§ **What is being asked**
Set down exactly, from the records below, the line with "Floral Wedding Seating" through the line with "三维立体场景背景图片_金黄色3D三维立体空间电商展台", and nothing else.

Collected data entries:
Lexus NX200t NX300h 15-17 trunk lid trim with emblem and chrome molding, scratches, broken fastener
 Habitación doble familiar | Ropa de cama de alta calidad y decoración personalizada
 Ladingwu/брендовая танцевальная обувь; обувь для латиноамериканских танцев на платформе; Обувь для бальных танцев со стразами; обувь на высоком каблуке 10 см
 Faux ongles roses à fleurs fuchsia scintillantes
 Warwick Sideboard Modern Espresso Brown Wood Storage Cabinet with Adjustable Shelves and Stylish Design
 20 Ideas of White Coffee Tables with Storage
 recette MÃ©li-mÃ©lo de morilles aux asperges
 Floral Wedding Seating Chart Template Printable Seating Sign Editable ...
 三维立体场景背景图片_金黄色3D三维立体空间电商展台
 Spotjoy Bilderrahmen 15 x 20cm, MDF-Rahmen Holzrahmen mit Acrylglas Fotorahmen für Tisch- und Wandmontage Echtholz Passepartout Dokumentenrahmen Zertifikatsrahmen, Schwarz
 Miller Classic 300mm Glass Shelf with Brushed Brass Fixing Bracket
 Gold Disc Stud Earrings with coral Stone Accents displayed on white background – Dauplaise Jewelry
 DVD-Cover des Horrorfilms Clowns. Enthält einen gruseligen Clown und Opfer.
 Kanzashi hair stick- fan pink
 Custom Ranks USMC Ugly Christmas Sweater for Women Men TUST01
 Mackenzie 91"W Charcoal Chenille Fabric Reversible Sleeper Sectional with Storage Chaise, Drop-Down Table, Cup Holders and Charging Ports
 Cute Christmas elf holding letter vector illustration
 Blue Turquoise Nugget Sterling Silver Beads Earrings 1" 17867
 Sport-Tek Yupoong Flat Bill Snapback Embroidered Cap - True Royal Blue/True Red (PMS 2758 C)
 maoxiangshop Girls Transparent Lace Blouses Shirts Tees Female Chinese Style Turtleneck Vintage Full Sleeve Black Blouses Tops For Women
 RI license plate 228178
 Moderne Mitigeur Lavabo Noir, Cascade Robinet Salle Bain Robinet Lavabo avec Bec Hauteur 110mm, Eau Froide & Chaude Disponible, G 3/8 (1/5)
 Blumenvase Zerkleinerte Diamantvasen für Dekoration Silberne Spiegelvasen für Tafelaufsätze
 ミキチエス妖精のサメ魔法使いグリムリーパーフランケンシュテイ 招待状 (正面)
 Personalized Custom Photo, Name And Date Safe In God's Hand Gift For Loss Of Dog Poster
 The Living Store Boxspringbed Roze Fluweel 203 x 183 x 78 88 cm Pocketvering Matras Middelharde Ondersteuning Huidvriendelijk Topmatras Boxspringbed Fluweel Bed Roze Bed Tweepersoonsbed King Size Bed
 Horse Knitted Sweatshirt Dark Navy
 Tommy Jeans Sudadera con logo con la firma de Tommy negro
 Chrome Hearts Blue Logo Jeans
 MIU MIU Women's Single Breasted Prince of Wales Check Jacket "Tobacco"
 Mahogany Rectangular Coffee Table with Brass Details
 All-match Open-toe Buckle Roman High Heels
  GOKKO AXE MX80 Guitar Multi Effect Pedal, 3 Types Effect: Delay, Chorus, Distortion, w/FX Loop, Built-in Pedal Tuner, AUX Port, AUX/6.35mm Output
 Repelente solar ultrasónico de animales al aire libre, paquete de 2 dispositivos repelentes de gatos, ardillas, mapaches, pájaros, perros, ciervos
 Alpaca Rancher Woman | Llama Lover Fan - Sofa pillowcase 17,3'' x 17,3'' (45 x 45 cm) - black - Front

§ **Written reply**
 Floral Wedding Seating Chart Template Printable Seating Sign Editable ...
 三维立体场景背景图片_金黄色3D三维立体空间电商展台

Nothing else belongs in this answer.